People planning weddings are stressed out; between money, time, and general expectations, most engaged couples are ready to pull out their hair at one point or another. If you can break down where that stress is coming from, it will be easier to deal with. Here are the top five people who will stress you out, and how to handle them.
5. Wedding vendors.
These people want to make money and will pressure you into getting the more expensive option. Have a budget and stick to it. If you're tempted by what they offer that is more expensive, say firmly, "That's not in my budget, I'll have to go home and see if I can move some things around and get back to you." At home, it will be easier to decide if that extra option is really necessary or just an expensive add-on.
4. Divorced and bickering friends/family members.
These people stress you out for two reasons. One, you're wondering how they'll behave at your wedding and two, you're scared that's going to be you in ten years with your sweetie. Sit down with them to say, "I'm so glad you're coming to my wedding. I hope you can do me a big favor. You and ______ fight so much, and I really want the focus of our wedding to be love. Do you mind doing everything in your power to be civil just for that one day?"

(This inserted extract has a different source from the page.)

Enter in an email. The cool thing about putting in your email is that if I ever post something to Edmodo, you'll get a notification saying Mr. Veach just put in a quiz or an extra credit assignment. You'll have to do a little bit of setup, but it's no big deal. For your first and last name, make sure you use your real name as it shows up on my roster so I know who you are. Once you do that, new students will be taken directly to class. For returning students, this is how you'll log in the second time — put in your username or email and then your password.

Remember, if they do bicker at your wedding, you'll probably be so caught up in everything else, you won't even notice. Also, take the time now to make sure that won't be you. Talk to your future spouse about pre-wedding counseling, something even the most loving and healthy couples say was a fabulous experience.
3. Well-meaning opinions of others.
Everyone will want to know the details of your wedding and everyone will have an opinion. Listen to what they have to say, but with a grain of salt. Repeat this mantra: they are not the ones getting married, we are. If you listened to what everyone thought, you would have a mishmash wedding that would not reflect who you are in the slightest. You're not getting married to please them, after all.
2. Your parents.
These people stress us out for various reasons our entire lives, why would they stop now? Whether it's complaining about the money you're spending, wanting to have a hand in everything, making you feel like you'll never live up to their ideals of what a wedding should be, or disapproving of your marriage totally, parents have that special knack to stress us out. Here are some strategies:
- Sit down with your parents early in the wedding planning process to find out if they want to give you money for your wedding and how much.

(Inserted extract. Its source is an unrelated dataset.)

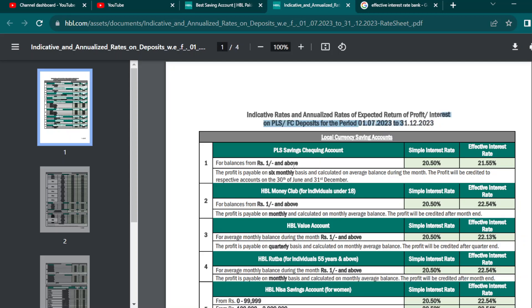There are different types of accounts in HBL. First of all, we have the PLS Savings Account. The PLS Savings Account has an interest rate reviewed after 6 months. The PLS Savings Account is the only thing where you have to collect the interest rate.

- Before you go any further, get them to agree on a set number of people they'll be inviting.
- Talk to them generally about your initial ideas including when/where/style.
- Avoid this pitfall: Don't promise your mother something if you haven't talked to your fiance about it first.
- Don't lose sight of your vision for your wedding - write it on a big sheet of paper taped next to the phone, if necessary.
- Try to let your parents feel involved by giving them tasks to help you with - including areas you're willing to give up creative control, or tasks such as comparing prices, organizing hotel discounts for guests etc.
1. Each other.
It's true, the number one person who will stress you out the most is the person you're going to spend the rest of your life with. This is mostly because weddings are stressful, and they're the person you'll be around most. The most common complaints are "he's not doing anything to help with the wedding" and "she never talks about anything other than the wedding." Avoid this with some simple planning.
Sit down with a wedding planner and divide up the list of tasks into bride's, groom's, and together. Each of you will know that you have creative control over what's on your list, and what you are responsible for. Post the list in prominent locations in your house(s) and agree to have check-in meetings once a month or so about where you are.
Don't forget to budget! Since money is such an easy thing to fight about, make sure you sit down at the beginning of the process, agree on how much money you're going to spend, and stick to it!
Sit down with a calendar. Figure out when you have time to schedule a couple of hours each week to deal with wedding stuff together. Don't worry, those of you who feel like a couple of hours each week is too much. A lot of it will be fun - checking out potential venues, eating cake at tastings, and practicing dance moves.
Then, schedule a "no wedding" night. This is perhaps the most important thing to stop each other from stressing you out. One night a week, neither of you are allowed to mention the word wedding or anything wedding related. This can be a date night, or just a relaxing at home together night to remind you why you're going through all this craziness in the first place!